Les femmes sont en première ligne. En 2022, elles représentaient 57,5 % des adultes rencontrés, contre 51 % en 1989. Celles qui ont des enfants sont particulièrement touchées. Plus d’un quart des ménages que nous rencontrons sont des mamans « solo ». Leur niveau de vie médian (583 €/mois) est nettement en deçà du seuil de pauvreté extrême (estimé à 807 €/mois en 2022) : les mesures prises en leur faveur restent très insuffisantes.

Neuf fois sur dix, les femmes assument la garde des enfants quand les couples se séparent. Elles portent la charge mentale du quotidien, des courses, de l’école, des repas, des conduites, des soins… En grande précarité, il n’y a jamais de répit.
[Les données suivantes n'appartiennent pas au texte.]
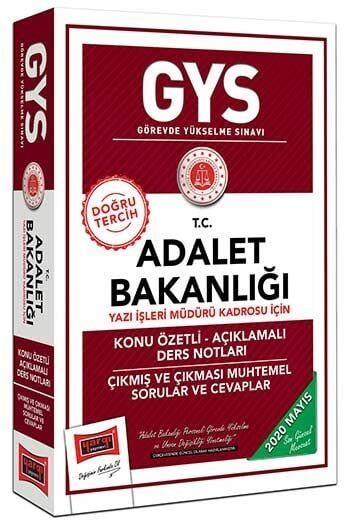 Yargı Yayınları GYS T.C. Adalet Bakanlığı Yazı İşleri Müdürü Kadrosu İçin Konu Özetli Açıklamalı Ders Notları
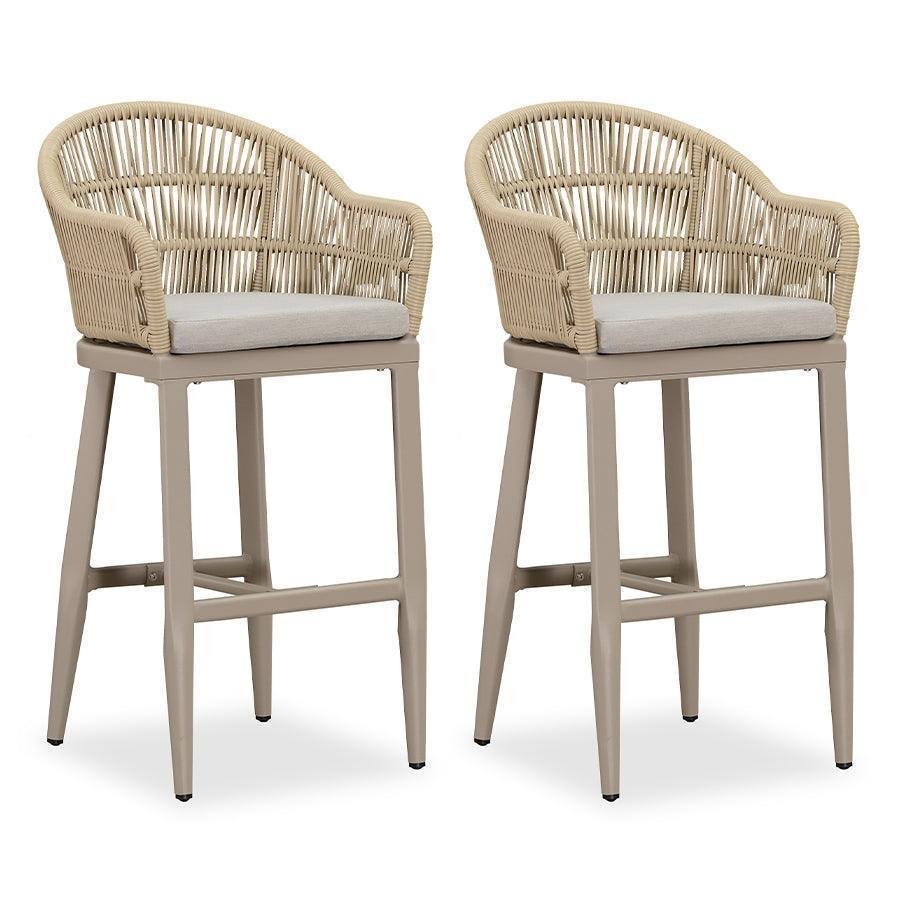 Outdoor Bar Stools Rattan Bar Stools Counter Stools with Back and Cushions  for Patio, Garden, Kitchen - Image 17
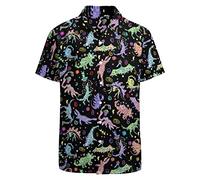 GADZILLE Herren-Dinosaurier-Weltraum-Shirt, Dinosaurier-Weltraum-Shirt, lustiges Dinosaurier-Shirt, Hawaii-Hemd mit Knopfleiste, für Herren, Schwarz, Größe XL, Dinosaurier Weird, XL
Il faut toujours calculer, recompter, renoncer, répondre aux urgences et supporter la peur permanente du lendemain. Certains responsables politiques croient que ces femmes ne « s’activent » pas assez, qu’il faudrait les « remobiliser » … Qu’ils viennent plutôt à leur rencontre !

Or, les mesures en matière de réforme du revenu de solidarité active (RSA, loi pour le plein emploi) et l’annonce toute récente de l’intention de supprimer l’allocation de solidarité spécifique (ASS), montrent une volonté d’aggraver les conditions de vie des plus précaires : certains responsables politiques cherchent à rendre les pauvres coupables de leur situation de pauvreté. Et le RSA, avec la nouvelle loi dite pour le « plein emploi », devient une allocation versée sous conditions si l’allocataire a réussi son « parcours du combattant » : parvenir non seulement à remplir correctement son dossier, à l’actualiser dans les temps et de façon complète, à chercher du travail, à engranger des preuves de cette recherche, à effectuer bientôt 15 heures d’activité par semaine (en plus de tout ce qu’il y a déjà à faire pour survivre, car vivre dans la pauvreté veut dire que rien n’est facile, que la charge mentale du « comment faire pour y arriver » est constante), … !

Plutôt que de s’acharner à rendre plus difficile la vie des plus pauvres, accusés de ne pas « traverser la rue », comme s’il était facile de trouver un travail quand la vie nous a privé d’emploi depuis des années, le gouvernement ferait mieux de les écouter et de mettre un point d’honneur à mener enfin une politique de création d’emplois, de logements et de lutte contre la pauvreté vraiment ambitieuse.

Daniel Verger, Responsable Accès à l’emploi et aux prestations sociales, Secours catholique – Caritas France

[1] Rapport État de la pauvreté 2023, Secours Catholique.